→ **Task statement**
Collect every line below that contains the word "para".

[Items from a dataset]
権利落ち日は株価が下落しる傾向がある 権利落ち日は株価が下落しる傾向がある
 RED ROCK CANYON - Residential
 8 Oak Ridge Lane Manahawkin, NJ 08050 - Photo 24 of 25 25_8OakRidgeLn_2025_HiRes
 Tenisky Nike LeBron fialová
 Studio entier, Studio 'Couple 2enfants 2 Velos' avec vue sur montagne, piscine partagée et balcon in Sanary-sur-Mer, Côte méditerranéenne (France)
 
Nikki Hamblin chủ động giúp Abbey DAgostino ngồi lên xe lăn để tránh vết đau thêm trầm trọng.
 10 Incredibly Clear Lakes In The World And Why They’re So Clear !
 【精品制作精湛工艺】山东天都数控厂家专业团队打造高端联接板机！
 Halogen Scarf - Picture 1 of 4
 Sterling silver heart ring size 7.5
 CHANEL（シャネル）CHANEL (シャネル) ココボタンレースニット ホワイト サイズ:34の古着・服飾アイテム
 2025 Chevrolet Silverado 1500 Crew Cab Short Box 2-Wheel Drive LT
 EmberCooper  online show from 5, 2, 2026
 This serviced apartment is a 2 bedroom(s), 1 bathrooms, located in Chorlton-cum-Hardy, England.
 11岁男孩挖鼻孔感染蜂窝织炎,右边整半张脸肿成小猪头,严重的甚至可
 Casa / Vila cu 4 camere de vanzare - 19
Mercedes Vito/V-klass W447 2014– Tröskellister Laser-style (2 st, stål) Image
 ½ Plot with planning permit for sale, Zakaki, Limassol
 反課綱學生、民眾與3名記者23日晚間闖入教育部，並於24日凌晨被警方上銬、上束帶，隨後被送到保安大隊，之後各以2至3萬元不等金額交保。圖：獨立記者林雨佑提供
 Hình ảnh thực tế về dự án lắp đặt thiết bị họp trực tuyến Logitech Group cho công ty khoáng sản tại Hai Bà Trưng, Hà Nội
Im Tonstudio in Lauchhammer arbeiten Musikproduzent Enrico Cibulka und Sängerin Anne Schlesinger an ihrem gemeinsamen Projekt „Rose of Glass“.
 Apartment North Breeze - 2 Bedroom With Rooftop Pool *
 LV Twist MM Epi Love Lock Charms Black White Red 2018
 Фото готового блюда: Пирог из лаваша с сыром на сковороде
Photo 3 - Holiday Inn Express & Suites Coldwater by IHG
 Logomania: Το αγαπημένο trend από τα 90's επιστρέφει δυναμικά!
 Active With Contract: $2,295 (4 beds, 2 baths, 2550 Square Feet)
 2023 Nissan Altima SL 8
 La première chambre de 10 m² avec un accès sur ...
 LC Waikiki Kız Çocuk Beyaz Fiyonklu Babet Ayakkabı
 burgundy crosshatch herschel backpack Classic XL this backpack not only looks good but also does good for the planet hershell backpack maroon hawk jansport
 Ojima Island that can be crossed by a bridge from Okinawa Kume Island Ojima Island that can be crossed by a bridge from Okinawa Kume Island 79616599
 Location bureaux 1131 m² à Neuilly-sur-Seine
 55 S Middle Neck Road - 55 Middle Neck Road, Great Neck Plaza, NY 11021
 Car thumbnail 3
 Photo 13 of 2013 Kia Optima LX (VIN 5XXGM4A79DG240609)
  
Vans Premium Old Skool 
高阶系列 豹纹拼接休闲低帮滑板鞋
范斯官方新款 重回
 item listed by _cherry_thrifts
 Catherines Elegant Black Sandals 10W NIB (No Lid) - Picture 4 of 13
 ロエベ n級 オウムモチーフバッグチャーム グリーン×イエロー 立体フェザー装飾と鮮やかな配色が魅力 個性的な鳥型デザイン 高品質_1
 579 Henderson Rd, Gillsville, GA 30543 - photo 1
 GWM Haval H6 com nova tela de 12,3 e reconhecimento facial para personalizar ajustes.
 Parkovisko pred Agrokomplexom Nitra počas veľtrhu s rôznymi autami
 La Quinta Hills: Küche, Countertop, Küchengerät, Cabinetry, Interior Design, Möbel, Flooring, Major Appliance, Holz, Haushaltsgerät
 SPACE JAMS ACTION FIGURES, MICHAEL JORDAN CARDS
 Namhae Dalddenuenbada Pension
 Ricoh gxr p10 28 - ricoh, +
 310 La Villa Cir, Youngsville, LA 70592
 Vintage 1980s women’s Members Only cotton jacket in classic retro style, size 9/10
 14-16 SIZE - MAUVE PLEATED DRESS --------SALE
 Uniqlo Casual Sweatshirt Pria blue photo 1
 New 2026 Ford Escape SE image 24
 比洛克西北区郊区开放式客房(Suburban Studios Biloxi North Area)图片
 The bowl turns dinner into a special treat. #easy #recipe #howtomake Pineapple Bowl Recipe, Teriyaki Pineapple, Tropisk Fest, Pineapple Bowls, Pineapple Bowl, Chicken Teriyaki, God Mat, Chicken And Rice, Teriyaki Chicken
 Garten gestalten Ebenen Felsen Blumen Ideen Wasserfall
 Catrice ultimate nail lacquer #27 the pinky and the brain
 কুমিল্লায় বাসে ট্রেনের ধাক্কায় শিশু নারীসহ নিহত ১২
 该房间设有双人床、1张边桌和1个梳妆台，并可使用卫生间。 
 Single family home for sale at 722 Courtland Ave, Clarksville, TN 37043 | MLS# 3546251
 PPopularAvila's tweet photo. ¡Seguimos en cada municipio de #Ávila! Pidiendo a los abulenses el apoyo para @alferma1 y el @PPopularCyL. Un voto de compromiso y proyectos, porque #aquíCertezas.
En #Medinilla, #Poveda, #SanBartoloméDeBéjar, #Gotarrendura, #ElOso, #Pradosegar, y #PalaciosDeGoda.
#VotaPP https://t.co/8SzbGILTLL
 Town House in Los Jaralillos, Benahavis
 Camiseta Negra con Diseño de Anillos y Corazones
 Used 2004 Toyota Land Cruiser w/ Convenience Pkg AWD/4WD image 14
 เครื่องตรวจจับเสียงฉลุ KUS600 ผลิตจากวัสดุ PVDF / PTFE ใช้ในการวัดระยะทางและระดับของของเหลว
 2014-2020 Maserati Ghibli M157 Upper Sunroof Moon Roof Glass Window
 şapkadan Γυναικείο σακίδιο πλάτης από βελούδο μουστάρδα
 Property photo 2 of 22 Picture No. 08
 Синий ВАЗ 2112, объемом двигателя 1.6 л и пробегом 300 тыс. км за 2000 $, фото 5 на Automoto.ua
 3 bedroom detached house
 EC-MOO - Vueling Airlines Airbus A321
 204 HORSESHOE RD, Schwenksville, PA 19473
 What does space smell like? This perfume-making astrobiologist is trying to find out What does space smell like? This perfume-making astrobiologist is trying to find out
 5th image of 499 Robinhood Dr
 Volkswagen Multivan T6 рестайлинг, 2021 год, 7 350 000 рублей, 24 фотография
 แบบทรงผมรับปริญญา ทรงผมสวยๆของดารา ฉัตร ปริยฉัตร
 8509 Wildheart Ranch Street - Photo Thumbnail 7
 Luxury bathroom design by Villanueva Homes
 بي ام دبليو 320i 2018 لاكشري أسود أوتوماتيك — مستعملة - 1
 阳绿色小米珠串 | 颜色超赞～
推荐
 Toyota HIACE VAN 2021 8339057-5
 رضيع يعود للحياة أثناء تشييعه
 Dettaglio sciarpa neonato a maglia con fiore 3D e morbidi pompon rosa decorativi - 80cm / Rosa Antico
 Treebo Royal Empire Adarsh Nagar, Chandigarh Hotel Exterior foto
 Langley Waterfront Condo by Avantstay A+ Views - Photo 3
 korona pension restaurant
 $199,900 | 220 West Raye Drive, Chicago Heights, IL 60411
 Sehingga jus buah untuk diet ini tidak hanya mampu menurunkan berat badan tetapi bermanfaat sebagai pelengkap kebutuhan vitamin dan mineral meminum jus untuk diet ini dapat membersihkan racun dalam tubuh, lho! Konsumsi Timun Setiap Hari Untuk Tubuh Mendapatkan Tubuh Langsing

→ **Exercise output**
 GWM Haval H6 com nova tela de 12,3 e reconhecimento facial para personalizar ajustes.
 PPopularAvila's tweet photo. ¡Seguimos en cada municipio de #Ávila! Pidiendo a los abulenses el apoyo para @alferma1 y el @PPopularCyL. Un voto de compromiso y proyectos, porque #aquíCertezas.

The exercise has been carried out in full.